By ANGELA GREGORY
A partner in a large law firm has been found guilty of professional misconduct in a test case on potential conflict of interest for a client.
The firm told the Herald yesterday it was considering whether it would challenge the finding.
It cannot be named because of an interim suppression order that runs out on Monday.
The New Zealand Law Practitioners Disciplinary Tribunal decided the partner failed to act properly over a potential conflict of interest in his firm's dealings with a major client.
In what it described as a test case, the tribunal found the firm had worked both for and against the interests of a corporation.
While it was acting on a "substantial" matter relating to the corporation from a Wellington office, the Auckland office was handling a separate matter which involved a likely conflict of interest.
The tribunal considered confidential information known by the firm from its Wellington end could have proven adverse to the client in relation to what was going on in Auckland.
The client involved was not told of the potential conflict, which was contrary to rules of professional conduct for barristers and solicitors.
The tribunal said the Auckland partner failed to inform the Wellington partner that he had accepted formal instructions from a third party relating to the corporation.
The client was therefore denied any informed consent by which it could consider if it was happy with the situation.
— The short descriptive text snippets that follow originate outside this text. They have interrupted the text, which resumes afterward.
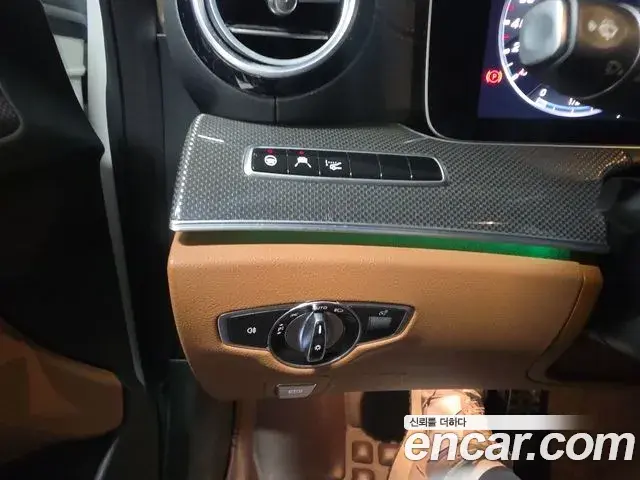 Mercedes-Benz E-Class 2019 — Photo 13/20
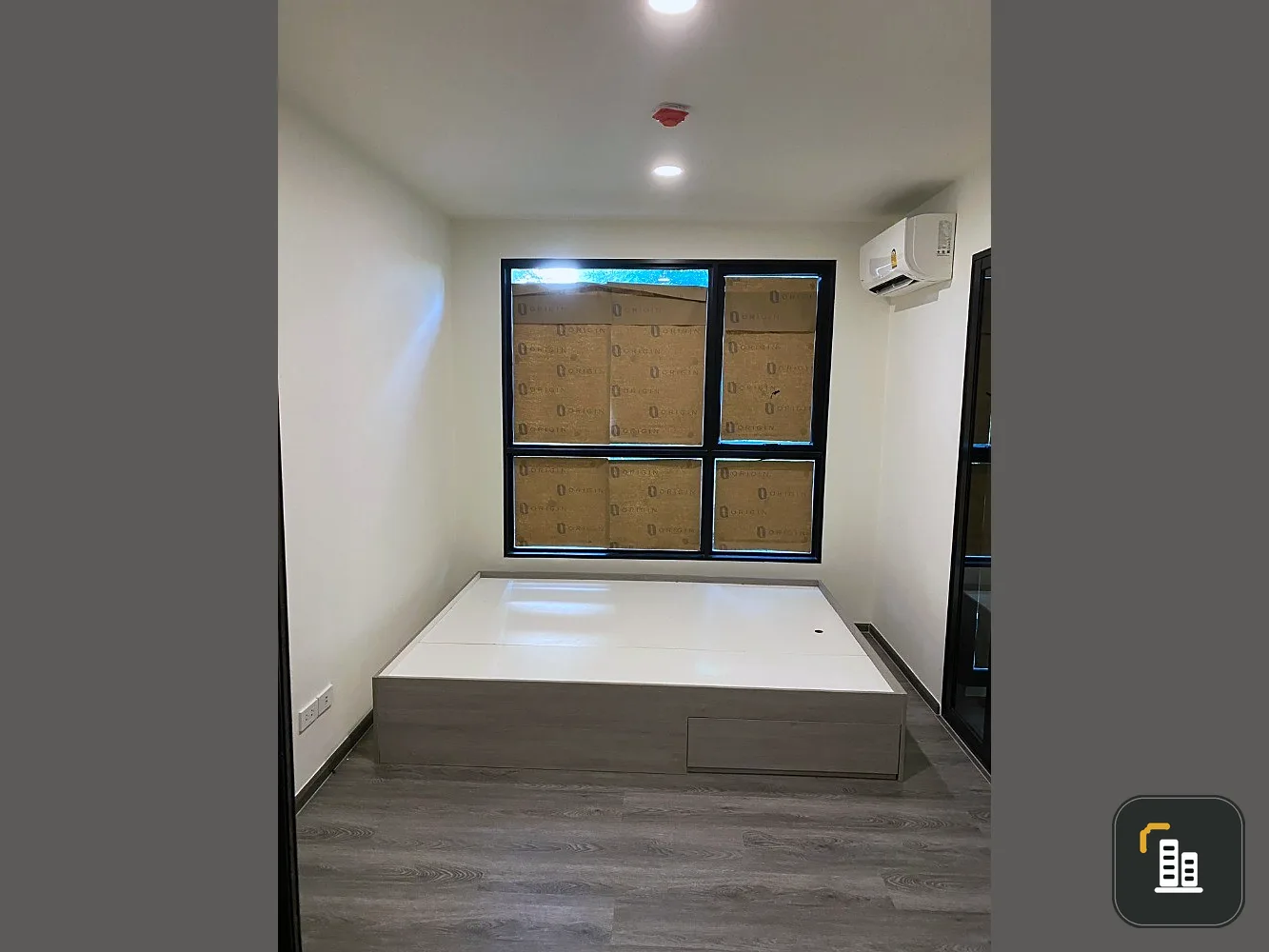 Selling THE ORIGIN Onnut, 2nd floor, corner room, fully furnished, ready to move in immediately. Book now, don't miss out.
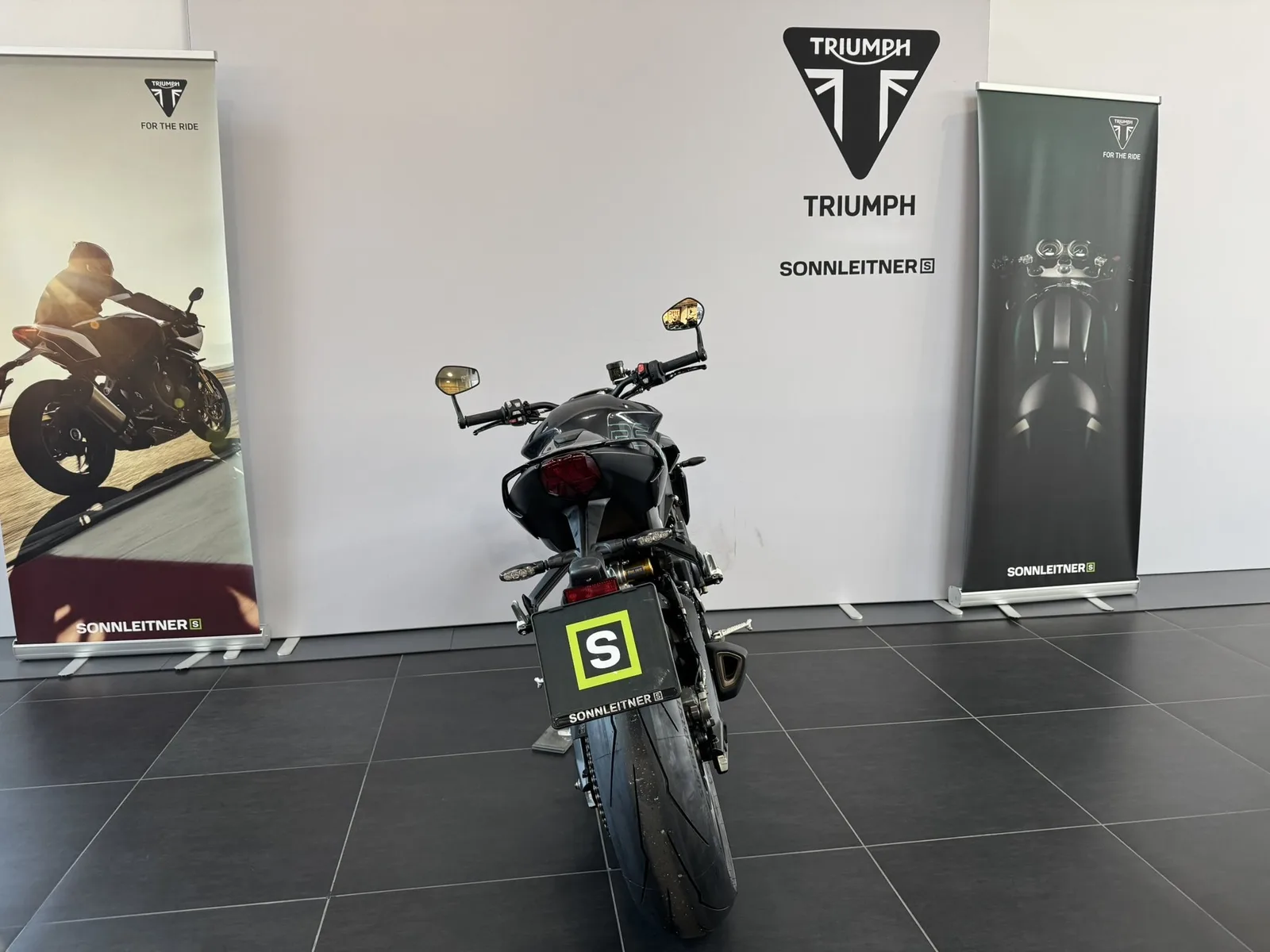 Triumph H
The tribunal said the Auckland partner had also failed to consult his firm's in-house ethics committee, or any member of it.
The charge of professional misconduct against the lawyer was brought by the Auckland District Law Society, which wants to use the case to educate other lawyers on conflicts of interest.
The tribunal met on Monday to hear submissions on name suppression and costs.
It ordered that the practitioner pay 80 per cent of the tribunal's and the society's costs. It also ordered that the name of the two partners be permanently suppressed, but said the firm's name and details of the case could be published.
But it allowed a seven-day extension of an earlier suppression order as the law firm had signalled it might consider challenging name publication.
Tribunal chairman John Upton, QC, said in the earlier decision that there was no need for the partner to be censured as it was a test case and the lawyer was held in high regard.